U-536 was commanded by Kapitänleutnant Rolf Shauenburg, who had joined the navy in 1934, and was already an officer when war was declared. He had served aboard a German destroyer that sank nine vessels at the beginning of the war. The young officer became a prisoner of war, escaped and was recaptured. After his release was negotiated, he returned to Germany, served on minesweepers, then was given command of a U-boat in January 1943.

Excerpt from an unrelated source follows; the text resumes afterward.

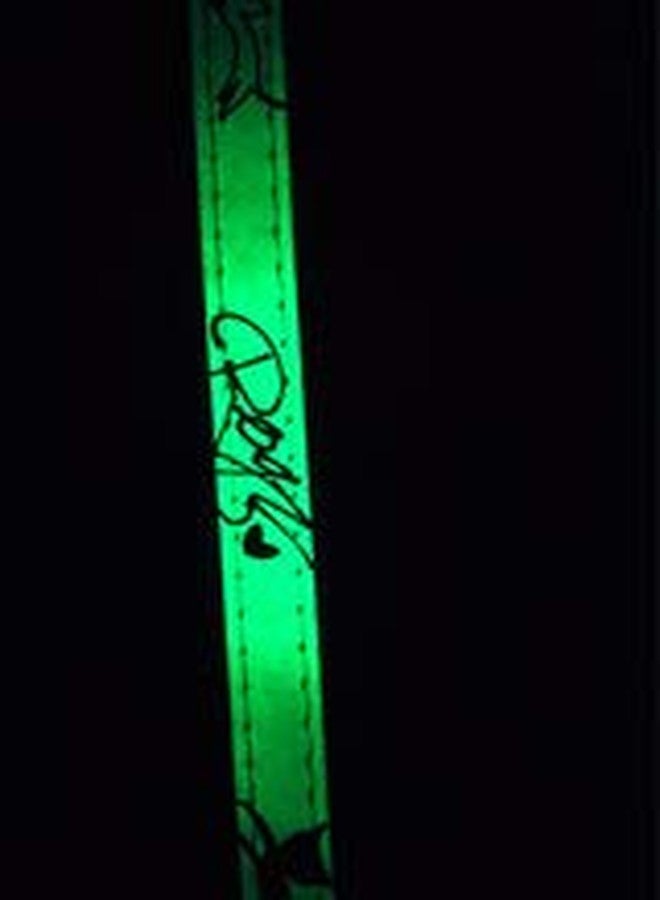 Rogz GlowCat Glow in the Dark Cat Harness and Leash Set Pink Small - Image 2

In the fall, U-536 was sent close to the East Coast to rescue German prisoners planning a mass escape from a PoW camp in Bowmanville, Ont. They had been provided with Canadian money, hidden in false bottoms of tinned food, a radio and forged registration cards. The marine maps of the east coast included the U-boat’s pickup point.
However, the RCMP had cracked some of the German messages and an elaborate plan to capture the escapers and the U-boat was hatched. The mass escapers were thwarted and Shauenburg, sensing a trap, eluded capture. The U-boat escaped and patrolled for several weeks off Nova Scotia, then joined a wolf pack shadowing a 66-ship convoy en route from Britain to Gibraltar.
On Nov. 20, 1943, two Canadian corvettes, HMCS Snowberry and HMCS Calgary, along with HMS Nene, a British frigate, were on escort duty northeast of the Azores and detected the U-boat.
Snowberry dropped 10 depth charges, followed by two volleys from Nene.
The U-boat, out of fuel and low on torpedoes, was blown about, coming to rest in a peculiar position, screws down, nose up. It surfaced so close to Snowberry that Shauenburg reported he had been rammed.
As the sub’s crew gathered to abandon ship, Snowberry opened fire, hitting the conning tower. Then the other two ships joined in. The submarine was doomed.
“The sub surfaced between us,” said Calgary leading seaman Frank Moss in Corvettes Canada by Mac Johnston. “A (German) gun’s crew raced out of the conning tower toward their gun. You could see our 20-millimetre tracer bullets fanning behind them before they jumped over the side. Another crew immediately followed with the same fate.”
“In retrospect, it was very sad,” said Calgary sub-lieutenant Mac Orr. “If she had not tried to fight the three of us and just surrendered, instead of saving 18 lives we probably would have saved the whole crew.”
Thirty-eight crew members of U-536 died. Shauenburg was among the survivors. He died in Hamburg, Germany, in 1990, aged 70.